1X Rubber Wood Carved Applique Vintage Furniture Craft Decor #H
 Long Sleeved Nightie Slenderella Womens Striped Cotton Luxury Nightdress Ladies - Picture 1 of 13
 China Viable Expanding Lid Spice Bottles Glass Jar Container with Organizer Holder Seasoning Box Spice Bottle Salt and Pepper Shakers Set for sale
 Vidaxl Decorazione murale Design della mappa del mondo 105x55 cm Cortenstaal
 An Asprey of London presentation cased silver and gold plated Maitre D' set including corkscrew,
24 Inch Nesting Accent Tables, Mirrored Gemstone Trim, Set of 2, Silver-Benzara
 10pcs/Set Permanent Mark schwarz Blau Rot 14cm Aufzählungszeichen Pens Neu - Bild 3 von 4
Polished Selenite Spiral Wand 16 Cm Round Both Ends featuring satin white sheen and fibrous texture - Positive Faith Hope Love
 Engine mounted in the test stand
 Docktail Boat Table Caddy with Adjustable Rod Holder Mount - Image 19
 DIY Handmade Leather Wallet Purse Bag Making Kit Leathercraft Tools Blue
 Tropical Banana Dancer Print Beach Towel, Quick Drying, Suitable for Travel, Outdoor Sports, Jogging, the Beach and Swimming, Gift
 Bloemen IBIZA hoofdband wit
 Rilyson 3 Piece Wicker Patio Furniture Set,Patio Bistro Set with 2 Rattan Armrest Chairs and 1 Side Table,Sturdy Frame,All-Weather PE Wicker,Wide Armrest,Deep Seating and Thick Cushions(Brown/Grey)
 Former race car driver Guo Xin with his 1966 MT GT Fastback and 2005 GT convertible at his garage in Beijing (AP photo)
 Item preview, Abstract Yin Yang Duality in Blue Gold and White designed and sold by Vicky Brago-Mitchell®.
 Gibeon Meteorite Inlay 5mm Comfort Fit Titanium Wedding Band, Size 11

============================================================

Exactly as written above, copy every line.

- [YOUR SOLUTION]:
1X Rubber Wood Carved Applique Vintage Furniture Craft Decor #H
 Long Sleeved Nightie Slenderella Womens Striped Cotton Luxury Nightdress Ladies - Picture 1 of 13
 China Viable Expanding Lid Spice Bottles Glass Jar Container with Organizer Holder Seasoning Box Spice Bottle Salt and Pepper Shakers Set for sale
 Vidaxl Decorazione murale Design della mappa del mondo 105x55 cm Cortenstaal
 An Asprey of London presentation cased silver and gold plated Maitre D' set including corkscrew,
24 Inch Nesting Accent Tables, Mirrored Gemstone Trim, Set of 2, Silver-Benzara
 10pcs/Set Permanent Mark schwarz Blau Rot 14cm Aufzählungszeichen Pens Neu - Bild 3 von 4
Polished Selenite Spiral Wand 16 Cm Round Both Ends featuring satin white sheen and fibrous texture - Positive Faith Hope Love
 Engine mounted in the test stand
 Docktail Boat Table Caddy with Adjustable Rod Holder Mount - Image 19
 DIY Handmade Leather Wallet Purse Bag Making Kit Leathercraft Tools Blue
 Tropical Banana Dancer Print Beach Towel, Quick Drying, Suitable for Travel, Outdoor Sports, Jogging, the Beach and Swimming, Gift
 Bloemen IBIZA hoofdband wit
 Rilyson 3 Piece Wicker Patio Furniture Set,Patio Bistro Set with 2 Rattan Armrest Chairs and 1 Side Table,Sturdy Frame,All-Weather PE Wicker,Wide Armrest,Deep Seating and Thick Cushions(Brown/Grey)
 Former race car driver Guo Xin with his 1966 MT GT Fastback and 2005 GT convertible at his garage in Beijing (AP photo)
 Item preview, Abstract Yin Yang Duality in Blue Gold and White designed and sold by Vicky Brago-Mitchell®.
 Gibeon Meteorite Inlay 5mm Comfort Fit Titanium Wedding Band, Size 11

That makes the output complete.